À cet égard, la Cour observe que, compte tenu, d’une part, du rôle important que joue la protection des données à caractère personnel au regard du droit fondamental au respect de la vie privée et, d’autre part, de l’ampleur et de la gravité de l’ingérence dans ce droit que comporte la directive, le pouvoir d’appréciation du législateur de l’Union s’avère réduit, de sorte qu’il convient de procéder à un contrôle strict.

Si la conservation des données imposée par la directive peut être considérée comme apte à réaliser l’objectif poursuivi par celle-ci, l’ingérence vaste et particulièrement grave de cette directive dans les droits fondamentaux en cause n’est pas suffisamment encadrée afin de garantir que cette ingérence soit effectivement limitée au strict nécessaire.

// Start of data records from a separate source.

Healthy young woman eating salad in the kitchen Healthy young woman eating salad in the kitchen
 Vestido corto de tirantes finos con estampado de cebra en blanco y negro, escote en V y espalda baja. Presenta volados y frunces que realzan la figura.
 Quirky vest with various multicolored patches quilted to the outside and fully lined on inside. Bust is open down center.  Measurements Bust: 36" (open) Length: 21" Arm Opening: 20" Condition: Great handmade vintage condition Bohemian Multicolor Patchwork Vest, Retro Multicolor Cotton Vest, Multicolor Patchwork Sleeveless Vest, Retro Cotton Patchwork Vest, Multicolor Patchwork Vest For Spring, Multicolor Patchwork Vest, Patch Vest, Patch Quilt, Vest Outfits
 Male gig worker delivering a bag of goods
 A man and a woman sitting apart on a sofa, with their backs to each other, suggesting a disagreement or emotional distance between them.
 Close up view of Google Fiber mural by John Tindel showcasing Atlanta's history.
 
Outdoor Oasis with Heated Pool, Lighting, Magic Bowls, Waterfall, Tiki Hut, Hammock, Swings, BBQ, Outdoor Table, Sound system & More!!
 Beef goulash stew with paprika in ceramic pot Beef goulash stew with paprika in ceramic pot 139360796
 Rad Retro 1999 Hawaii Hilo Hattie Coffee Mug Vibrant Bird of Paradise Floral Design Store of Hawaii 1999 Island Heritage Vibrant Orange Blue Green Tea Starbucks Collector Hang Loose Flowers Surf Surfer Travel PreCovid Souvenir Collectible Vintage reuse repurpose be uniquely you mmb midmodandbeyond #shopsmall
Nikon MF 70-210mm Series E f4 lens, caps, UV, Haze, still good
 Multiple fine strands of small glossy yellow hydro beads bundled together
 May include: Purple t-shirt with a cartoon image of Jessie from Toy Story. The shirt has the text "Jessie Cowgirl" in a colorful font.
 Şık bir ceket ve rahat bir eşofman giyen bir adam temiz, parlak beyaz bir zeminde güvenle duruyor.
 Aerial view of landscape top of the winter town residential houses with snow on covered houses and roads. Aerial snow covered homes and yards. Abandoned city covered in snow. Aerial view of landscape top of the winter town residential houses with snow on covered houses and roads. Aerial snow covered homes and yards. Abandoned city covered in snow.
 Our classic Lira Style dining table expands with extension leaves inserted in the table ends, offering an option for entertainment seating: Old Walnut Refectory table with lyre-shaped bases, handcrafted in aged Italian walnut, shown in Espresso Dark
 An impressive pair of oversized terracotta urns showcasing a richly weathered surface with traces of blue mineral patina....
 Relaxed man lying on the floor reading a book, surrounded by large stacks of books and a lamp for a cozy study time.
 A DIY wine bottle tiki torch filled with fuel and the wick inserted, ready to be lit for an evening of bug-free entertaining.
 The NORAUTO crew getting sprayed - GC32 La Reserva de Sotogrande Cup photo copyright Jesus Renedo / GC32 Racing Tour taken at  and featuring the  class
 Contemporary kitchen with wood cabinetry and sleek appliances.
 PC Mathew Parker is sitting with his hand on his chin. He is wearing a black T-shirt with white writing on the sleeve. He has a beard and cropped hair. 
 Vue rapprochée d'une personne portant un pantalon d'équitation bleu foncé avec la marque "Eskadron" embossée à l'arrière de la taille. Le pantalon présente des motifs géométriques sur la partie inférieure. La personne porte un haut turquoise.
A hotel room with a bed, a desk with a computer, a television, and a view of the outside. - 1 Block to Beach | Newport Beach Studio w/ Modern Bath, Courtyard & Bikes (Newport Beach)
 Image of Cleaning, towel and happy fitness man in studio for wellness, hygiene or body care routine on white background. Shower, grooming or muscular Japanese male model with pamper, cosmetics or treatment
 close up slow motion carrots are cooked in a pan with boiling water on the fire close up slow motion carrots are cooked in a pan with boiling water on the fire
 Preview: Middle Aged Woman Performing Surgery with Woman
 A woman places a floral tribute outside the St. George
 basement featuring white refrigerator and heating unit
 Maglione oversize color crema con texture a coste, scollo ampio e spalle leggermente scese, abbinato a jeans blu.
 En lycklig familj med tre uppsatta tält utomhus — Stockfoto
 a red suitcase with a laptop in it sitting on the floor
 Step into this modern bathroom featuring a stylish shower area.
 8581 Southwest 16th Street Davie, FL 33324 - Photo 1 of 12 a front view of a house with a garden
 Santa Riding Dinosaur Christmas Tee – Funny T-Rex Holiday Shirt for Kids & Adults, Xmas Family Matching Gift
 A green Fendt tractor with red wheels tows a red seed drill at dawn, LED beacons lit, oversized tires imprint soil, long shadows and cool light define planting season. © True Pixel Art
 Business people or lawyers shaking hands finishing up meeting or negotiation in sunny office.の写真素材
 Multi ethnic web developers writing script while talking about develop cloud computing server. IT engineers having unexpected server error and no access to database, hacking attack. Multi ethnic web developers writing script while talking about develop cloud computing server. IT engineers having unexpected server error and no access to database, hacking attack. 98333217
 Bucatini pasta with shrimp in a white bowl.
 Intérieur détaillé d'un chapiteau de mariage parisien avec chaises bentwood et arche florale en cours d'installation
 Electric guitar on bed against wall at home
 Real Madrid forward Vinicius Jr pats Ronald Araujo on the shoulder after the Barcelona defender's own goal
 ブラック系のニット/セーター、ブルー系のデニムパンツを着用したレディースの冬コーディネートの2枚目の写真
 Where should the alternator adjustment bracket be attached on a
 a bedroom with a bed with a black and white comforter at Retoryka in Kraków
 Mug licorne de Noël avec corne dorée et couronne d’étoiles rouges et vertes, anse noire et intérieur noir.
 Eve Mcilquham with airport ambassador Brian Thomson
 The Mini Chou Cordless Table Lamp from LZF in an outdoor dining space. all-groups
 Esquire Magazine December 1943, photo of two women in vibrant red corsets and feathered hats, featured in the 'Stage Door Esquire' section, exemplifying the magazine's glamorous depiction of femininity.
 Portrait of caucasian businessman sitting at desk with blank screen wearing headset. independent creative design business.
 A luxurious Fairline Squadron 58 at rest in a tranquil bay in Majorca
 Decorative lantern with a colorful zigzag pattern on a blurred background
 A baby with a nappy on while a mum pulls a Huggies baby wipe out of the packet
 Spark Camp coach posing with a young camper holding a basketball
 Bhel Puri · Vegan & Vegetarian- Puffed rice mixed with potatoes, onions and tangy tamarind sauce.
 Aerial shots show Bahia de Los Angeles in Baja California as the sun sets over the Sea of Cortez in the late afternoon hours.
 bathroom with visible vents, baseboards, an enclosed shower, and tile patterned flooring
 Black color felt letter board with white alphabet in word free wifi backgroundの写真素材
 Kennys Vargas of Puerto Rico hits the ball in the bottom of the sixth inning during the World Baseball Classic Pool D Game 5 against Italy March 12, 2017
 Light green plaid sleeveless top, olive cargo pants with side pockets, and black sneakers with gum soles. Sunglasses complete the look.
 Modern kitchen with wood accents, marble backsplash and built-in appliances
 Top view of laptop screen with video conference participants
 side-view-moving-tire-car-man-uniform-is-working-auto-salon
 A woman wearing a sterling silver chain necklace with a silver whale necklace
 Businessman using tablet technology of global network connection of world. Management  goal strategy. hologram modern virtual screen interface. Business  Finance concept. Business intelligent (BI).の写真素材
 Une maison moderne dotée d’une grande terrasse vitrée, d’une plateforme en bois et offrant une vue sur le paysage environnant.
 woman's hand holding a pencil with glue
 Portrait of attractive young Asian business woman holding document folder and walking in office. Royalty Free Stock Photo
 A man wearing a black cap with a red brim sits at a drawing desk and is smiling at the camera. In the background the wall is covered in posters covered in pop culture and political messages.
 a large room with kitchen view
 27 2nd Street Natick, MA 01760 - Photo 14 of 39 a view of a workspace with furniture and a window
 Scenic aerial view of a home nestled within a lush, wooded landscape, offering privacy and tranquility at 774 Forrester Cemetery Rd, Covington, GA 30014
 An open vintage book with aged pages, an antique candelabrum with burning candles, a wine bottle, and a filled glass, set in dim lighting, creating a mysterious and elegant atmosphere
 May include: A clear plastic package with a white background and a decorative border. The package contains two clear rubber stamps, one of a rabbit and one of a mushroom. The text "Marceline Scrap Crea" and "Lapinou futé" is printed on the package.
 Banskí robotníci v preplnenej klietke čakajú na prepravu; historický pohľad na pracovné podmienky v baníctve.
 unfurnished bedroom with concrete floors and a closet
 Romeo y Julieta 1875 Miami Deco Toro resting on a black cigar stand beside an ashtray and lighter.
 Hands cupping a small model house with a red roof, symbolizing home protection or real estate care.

En effet, premièrement, la directive couvre de manière généralisée l’ensemble des individus, des moyens de communication électronique et des données relatives au trafic sans qu’aucune différenciation, limitation ou exception soit opérée en fonction de l’objectif de lutte contre les infractions graves.

Deuxièmement, la directive ne prévoit aucun critère objectif qui permettrait de garantir que les autorités nationales compétentes n’aient accès aux données et ne puissent les utiliser qu’aux seules fins de prévenir, détecter ou poursuivre pénalement des infractions susceptibles d’être considérées, au regard de l’ampleur et de la gravité de l’ingérence dans les droits fondamentaux en question, comme suffisamment graves pour justifier une telle ingérence.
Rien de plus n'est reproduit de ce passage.